Cotton is grown in Florida, particularly in North Florida and the Panhandle, where the warm, sunny conditions of the Southeast allow for commercial production. Historically, Florida was a significant producer of the highly prized, long-staple Sea Island cotton, which was extremely profitable until its decline due to pest and disease pressure. Today, successful cultivation relies on carefully managing the subtropical environment to meet the plant’s specific needs throughout its long growing season.
Climate Requirements and Planting Schedule
Successful cotton cultivation requires a long period of warmth, needing between 180 and 210 frost-free days for the plant to fully mature. Ideal air temperatures for growth range from 70°F to 100°F, though nighttime temperatures above 65°F are important for efficient boll development. Cotton seeds require a minimum soil temperature of 65°F at planting depth for rapid germination, a condition usually met across northern Florida by late April or early May.
Planting timing is crucial to ensure harvest occurs before the peak of the Atlantic hurricane season. Planting in late spring or early summer allows the crop to mature and open bolls during the drier, cooler conditions of late summer and autumn. This strategy prevents heavy tropical rains from damaging lint quality or causing boll rot, maximizing yield potential before the weather becomes less favorable.
Soil Preparation and Nutrient Demands
Cotton performs best in well-drained, deep sandy loam soils, which are prevalent in the Florida Panhandle. The soil’s ability to shed water is a primary concern, as excessive saturation can lead to root diseases and nutrient leaching. Cotton prefers a slightly acidic to neutral soil environment, targeting a pH range between 6.0 and 6.5 to optimize nutrient availability. If the pH is too low, lime must be applied several months before planting to allow the soil chemistry time to adjust.
The plant has high nutritional requirements, especially for nitrogen (N) and potassium (K), which is challenging in Florida’s porous, sandy soils. Nitrogen is applied using a split application strategy, often in two to four increments, starting at the first true leaf stage and stopping before full bloom. This prevents nitrogen from leaching and avoids excessive late-season vegetative growth that delays maturity. Potassium demand peaks during the boll-filling stage, so growers typically apply a portion pre-plant and the remainder as a side-dress application to support fiber quality.

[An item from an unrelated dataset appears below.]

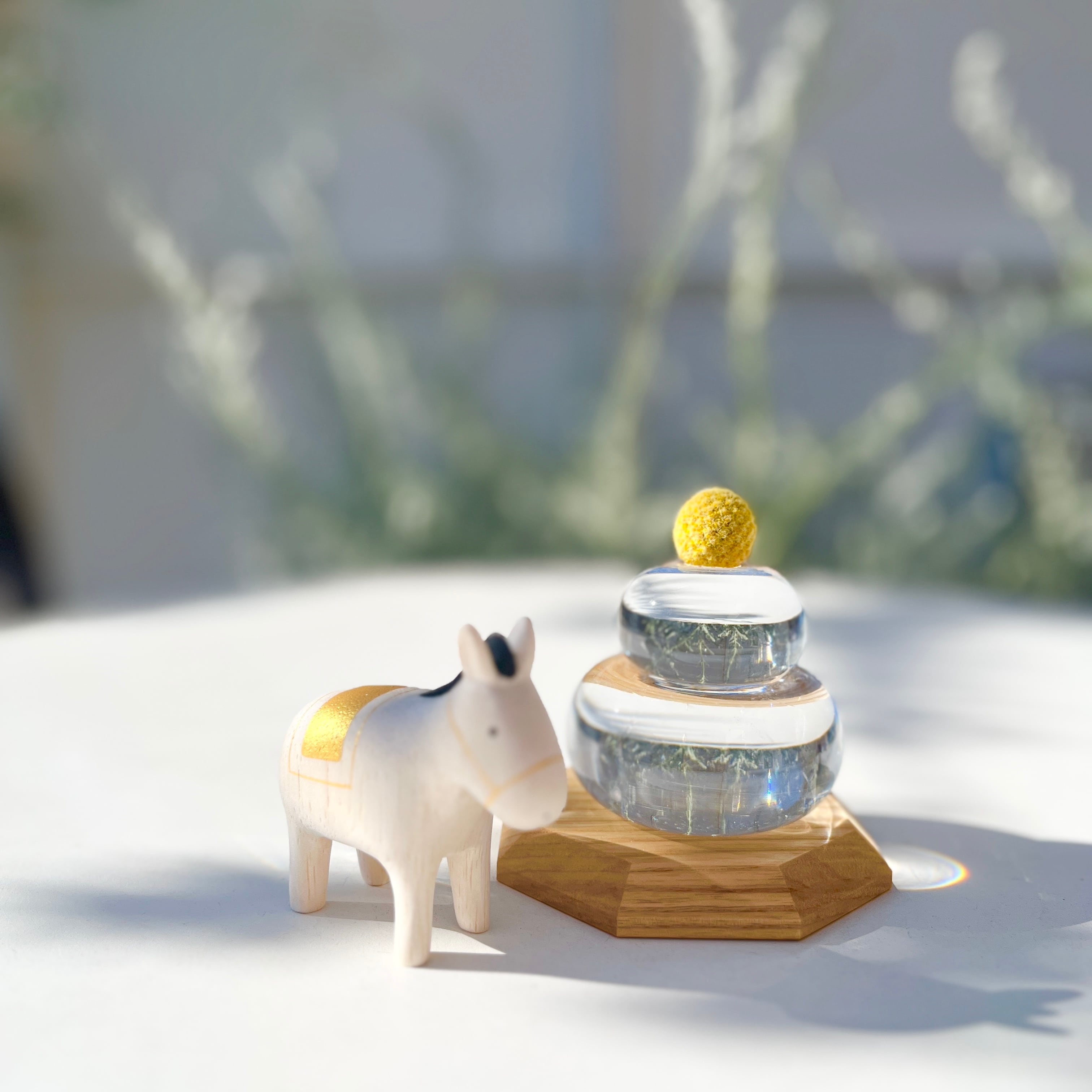 FUKU GLASS WORKS ガラスの鏡餅 | ihana design(イハナデザイン）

Managing Pests and Disease Vulnerability
The humid, subtropical climate creates a high-pressure environment for cotton pests and diseases. While the successful eradication program has virtually eliminated the devastating boll weevil, new and existing threats require constant vigilance.
Insect Pests
Stink bugs and tarnished plant bugs are the most economically damaging pests, targeting developing squares and bolls during the squaring and flowering stages. Early-season pests like thrips damage seedlings, while late-season pests include the cotton aphid and various lepidopteran caterpillars such as bollworms and armyworms.
Diseases and Nematodes
High humidity exacerbates several damaging fungal diseases, most notably boll rot and hardlock. Boll rot occurs when fungal pathogens colonize the lint of open bolls following wet weather. Hardlock is a condition where the lint fails to fluff out, often caused by the fungus Fusarium verticillioides and worsened by high nitrogen levels. Microscopic parasitic roundworms, such as the root-knot, reniform, and sting nematodes, are a persistent problem in Florida’s sandy soils. These nematodes damage the roots, reducing the plant’s ability to take up water and nutrients, and increase vulnerability to Fusarium wilt disease.

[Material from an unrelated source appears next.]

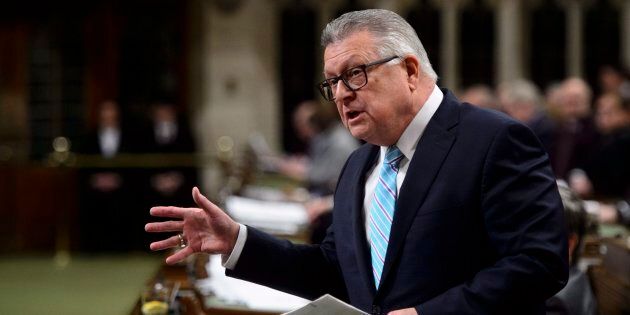 Public Safety Minister Ralph Goodale stands during question period in the House of Commons on March 29, 2018.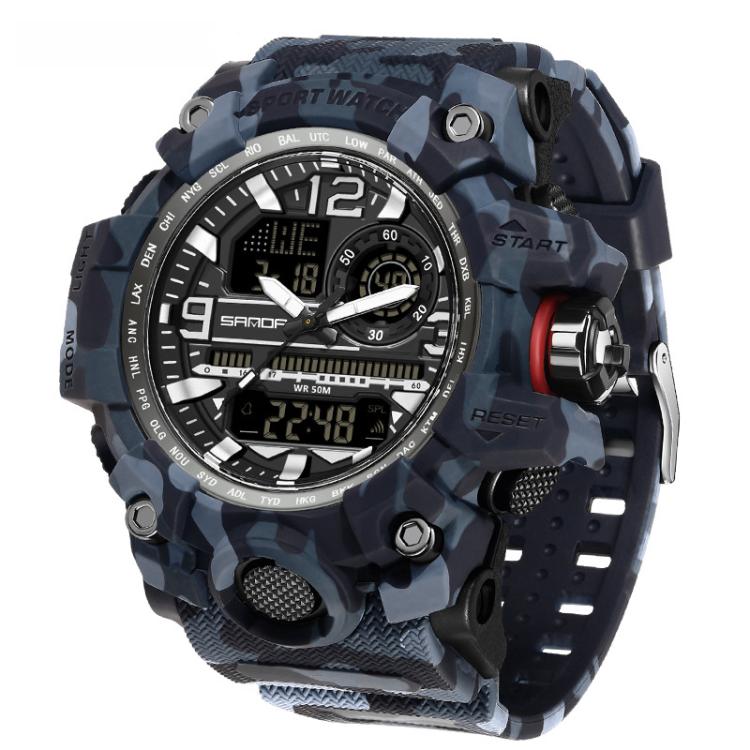 SANDA 3359 Orologio Outdoor Sportivo Camouflage - Waterproof, Elettronico, Multifunzionale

Integrated Pest Management
Management requires an integrated pest management (IPM) approach that relies on regularly scouting fields to monitor pest populations before they exceed economic thresholds. Cultural controls are foundational, including selecting early-maturing cotton varieties to escape peak late-season pest pressure and implementing crop rotation to reduce nematode and disease inoculum. The widespread use of genetically modified cotton varieties that express insecticidal proteins (Bt cotton) has also reduced the need for broad-spectrum insecticide sprays, helping to preserve beneficial insects.